EXÉCUTION PROVISOIRE

  1.      La locatrice demande au Tribunal que la présente décision soit exécutoire provisoirement. La loi prévoit que l’exécution d’une décision par le présent tribunal est normalement acquise à l’expiration des délais d’appels[7].
  2.      C’est que règle générale, notre droit civil est basé sur la conception que l’appel suspend l’exécution de la décision dont il est fait appel[8]. L’encadrement législatif en matière d’appel des décisions du Tribunal administratif du logement ne fait pas exception à ce principe.
  3.      Par sa demande d’exécution provisoire, la locatrice cherche à éviter de devoir attendre l’expiration des délais ordinaires pour pouvoir exécuter sa décision.
  4.      L’article 82.1 de la Loi sur le Tribunal administratif du logement[9] encadre les demandes d’exécution provisoire :

« Le membre peut, s’il le juge à propos, ordonner l’exécution provisoire, nonobstant la révision ou l’appel, de la totalité ou d’une partie de la décision, s’il s’agit:

 de réparations majeures;

 d’expulsion des lieux, lorsque le bail est expiré, résilié ou annulé;

 d’un cas d’urgence exceptionnelle. »

  1.      L’utilisation des termes « s’il le juge à propos » témoigne d’une volonté du législateur de consacrer une discrétion au décideur dans l’octroi de l’exécution provisoire d’une partie ou de la totalité de sa décision qui concerne les sujets énumérés aux paragraphes précités.
  2.      Dans le contexte du présent dossier, cette demande de la locatrice apparaît justifiée vu qu’il y a lieu d’expulser l’occupant sans droit des lieux lesquels sont occupés sans droit depuis un moment déjà et sans aucune volonté du sous-locataire d’obtempérer aux multiples demandes et procédures formulées à son endroit. L’occupation des lieux dans le contexte du présent dossier cause un préjudice à la locatrice en ce qu’elle l’empêche de louer le logement tout en encaissant des pertes de revenus mois après mois depuis plusieurs mois. Rappelons que la locatrice n’a jamais été avisée de la sous-location consentie et n’a jamais pu visiter l’état de son logement, le sous-locataire ayant toujours refusé tout accès. La locatrice est en droit de s’inquiéter de l’état du logement. Vu les circonstances particulières de ce dossier, il y a lieu de prononcer l’exécution provisoire immédiate de la présente décision eu égard à la conclusion d’expulsion.

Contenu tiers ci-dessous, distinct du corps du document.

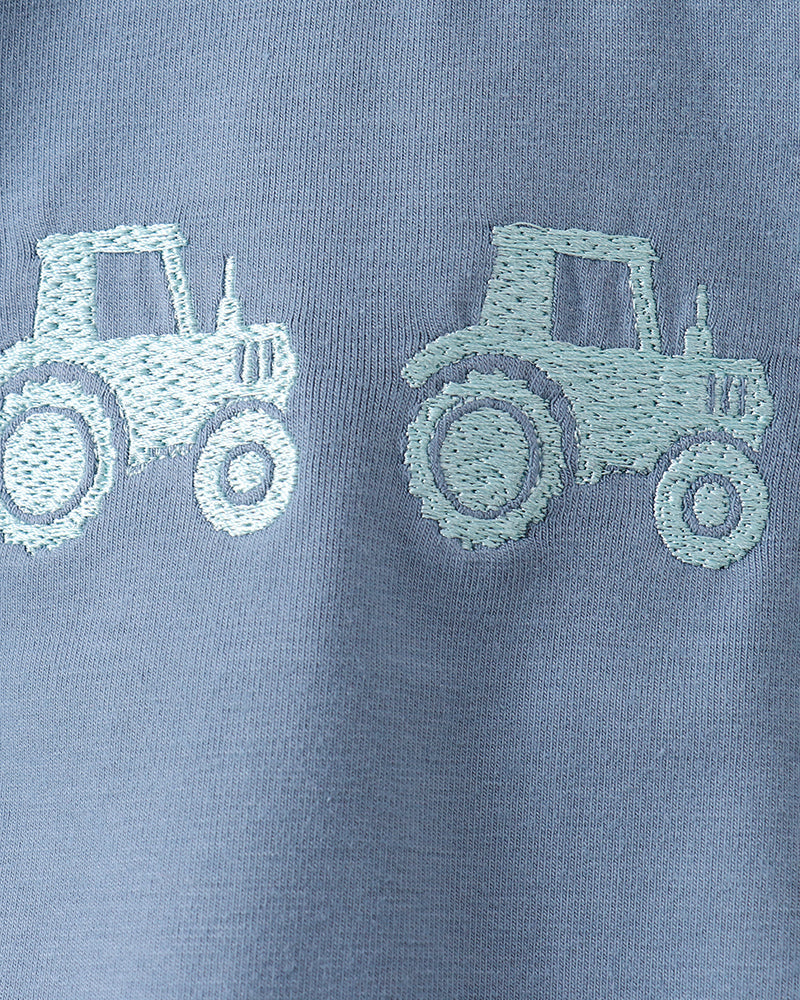 Close-up of a light blue fabric garment with two pale mint-green embroidered tractor motifs on the chest.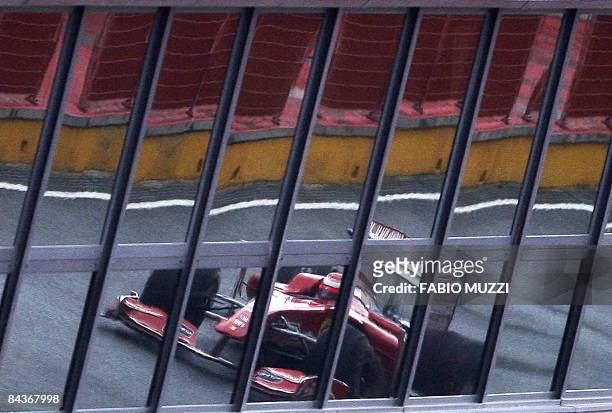 Window reflections show Finnish formula one driver Kimi Raikkonen as he pilots the new Ferrari F60 Formula One 2009 racing car during a test drive on...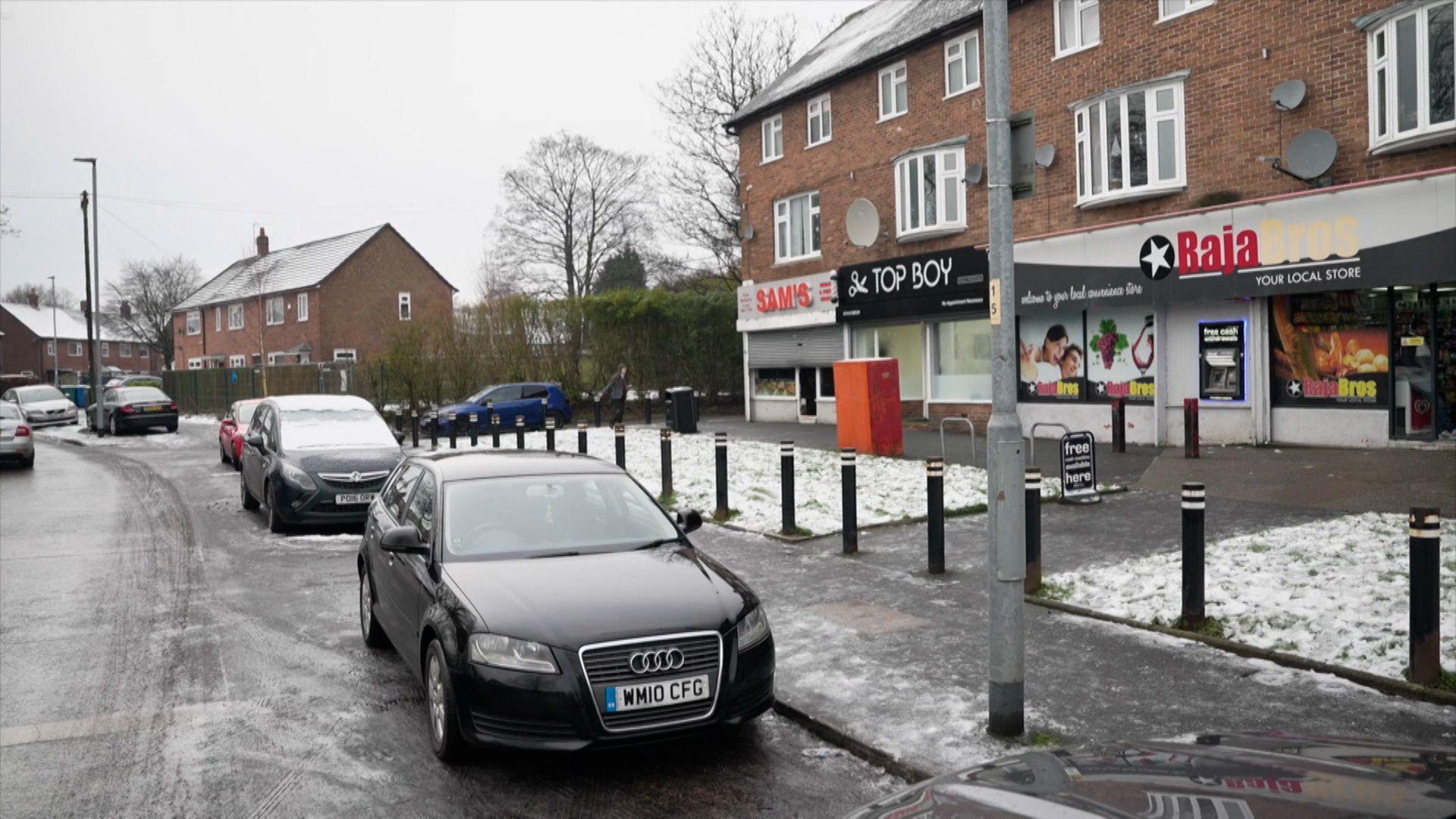 A row of shops including a takeaway, barbers and convenience shop on Button Lane in Wythenshawe, Manchester, in 2025.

POUR CES MOTIFS, LE TRIBUNAL :

Dossier 850680

  1.      ORDONNE l’expulsion du sous-locataire HOUSSAME NEJME et de tous les occupants du logement;
  2.      CONDAMNE le locataire JAD EL SAYED AHMAD à payer à la locatrice 3712133 CANADA INC. les frais de 90 $ avec les intérêts au taux légal, à compter de la date de la présente décision.
  3.      PRONONCE l’exécution provisoire de la conclusion en expulsion à la date de signature de la présente décision;

Dossier 845802

  1.      CONDAMNE le sous-locataire HOUSSAME NEJME à payer au locataire JAD EL SAYED AHMAD la somme de 6 600 $ plus les intérêts au taux légal et l'indemnité additionnelle prévue à l'article 1619 C.c.Q., à compter du 28 décembre 2024;

  1.      CONDAMNE le sous-locataire HOUSSAME NEJME à payer au locataire JAD EL SAYED AHMAD les frais de 90 $ avec les intérêts au taux légal, à compter de la date de la présente décision;

 

 

 

 

 

 

 

 

Vanessa O’Connell-Chrétien

 

Présence(s) :

le mandataire de la locatrice

le mandataire du locataire JAD EL SAYED AHMAD

Date de l’audience : 

16 avril 2025

 

 

 


 


[1] Code civil du Québec, RLRQ c CCQ-1991. (« C.c.Q. »)

[2] C.c.Q., art. 1873

[3] C.c.Q, art. 1940.

[4] RLRQ c T-15.01

[5] Code de procédure civile, RLRQ c C-25.0, art. 343.

[6] Tarif des frais exigibles par le Tribunal administratif du logement, chapitre T-15.01, r. 6, art. 7.

[7] Loi sur le Tribunal administratif du logement, RLRQ, c. T-15.01, Art 82.

[8] Mouvement laïque québécois c. English Montreal School Board, 2021 QCCA 1675, par. 2

[9] Loi sur le Tribunal administratif du logement, RLRQ, c. T-15.01, Art 82.1.